I'm not a logic junkie. I wouldn't know. But it seems to me a test to test logic and reasoning is the most pointless test in the world. I resent the pressure to get a good score, that I am automatically defined by how well I do on a certain stupid test. I regret that there is no easier and more beneficial way to process prospective students on their actual worth, not just the number that's pulled out of the air by Collegeboard. I hate that intelligence is equivocated to logical reasoning. Logical is not my default setting, but that doesn't mean I'm stupid.

I'm not denying logic is useful - I'm homeschooled, I've been beaten over the head with the importance of learning logic since I was six years old. I just hate that logic doesn't come easily to me. And I kind of hate the SAT for no good reason. 

I'll stop whining and get back to studying now.

6 comments:

Art said...

I don't understand this: "The rules of the game of logic must be assumed. But there are so many different rules that can be established, with or without justification, that there can be no real "wrong" logic, just bad logic."

Sure, logic makes assumptions.

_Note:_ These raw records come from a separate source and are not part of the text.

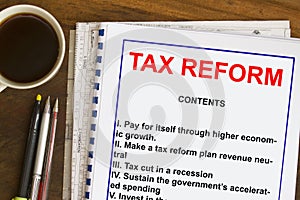 Tax reform plan concept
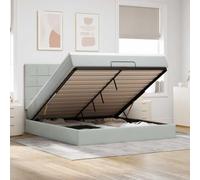 Owoxanthellate Lit capitonné, 160 x 200 cm, avec matelas à ressorts ensachés, espace de rangement, gris clair, en velours, ascenseur hydraulique, confortable, design moderne, pour chambre à coucher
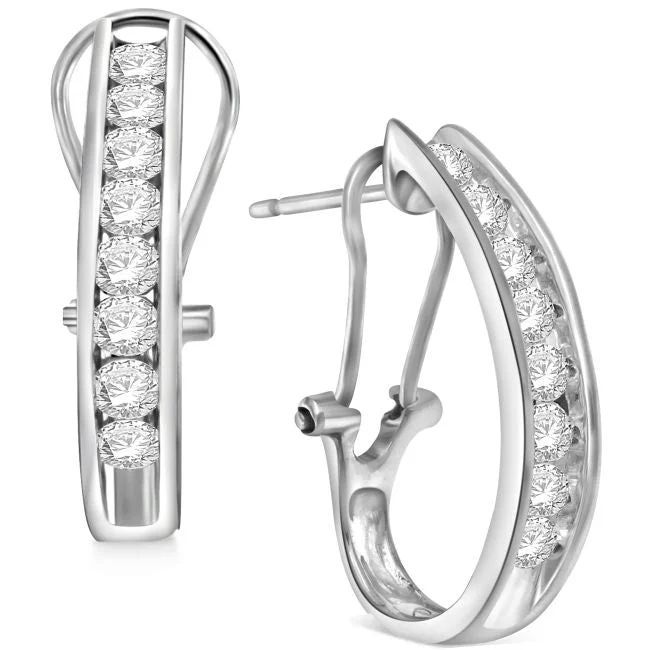 women fashion earrings -1 CTW Diamond Hoop Earrings in 10KT White Gold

But they are reasonable assumptions, such as P=P. (Tautology)

"I hate that intelligence is equivocated to logical reasoning. Logical is not my default setting, but that doesn't mean I'm stupid." I can see how that would be annoying.

But by the same logic, (hehe) since logic /is/ my default setting, I kind of like the SAT for no good reason.

Can I complain when it seems that feelers are better at doing interps? Maybe we just have to learn to cope with our natural deficiencies.

I wonder, is it fair to set either logic or emotion as the standard for determining meaning and truth and value?

Hayley said...

I did that thing where I get stuck in my own head and can't see anything else from any other sort of lens. :P What I meant was, or rather what we discussed, was that it's not really possible for something to be ILlogical so not as it comes to its conclusion through set rules. That would qualify as logic. But who's to say what's good logic and what's not? Who's to say what assumptions are reasonable?

Ultimately, x is true not /because of/ reason or logic but because it /is/ so. Truth /is./ And just because we can use logic to ascertain truth doesn't mean that logic is raison d'etre of truth.

It was generally foolish of me to pick a fight with something I don't understand on ground I don't understand, but I was feeling particularly not logical. My contention is not so much with logic, but with a test that claims to measure logic, but is really just a form of institutional sadism. :P

Art said...

Ah. So basically, logic tries to prove that is supreme by hailing to its own authority. Logic decides what's good logic, which is circular.

What if Scripture could tell what logical assumptions to make? Then we'd be going backwards, from Truth which /is/, to find what logic should be.

Michael said...

All of logic comes back to the law of non-contradiction. If you agree with that, all else follows.

Hayley said...

The law of non-contradiction does not help me on the SAT. Except maybe on the verbal part when the list of adjectives includes antonyms.

Does blog commenting count as speaking?

Falling Wings of Glass said...

Speaking is a difficult concept. What I say now will be opinion only: it is completely subjective. As I would define it, speaking is when something is said (redundant, yes. important? yes.). By that I mean substance--something that furthers the understanding, or furthers the furthering of the understanding of a concept, thing, person, or anything that relates to them which must lead back to either the nature of man or the nature of God. Basically, what I'm trying to say is that I would define speaking as something that matters (as arbitrary as that is)--so many things that are 'spoken' aren't really 'speech,' but many things that are written are.

However, the spoken word holds a power that I would not give to the written word, as much as I love it.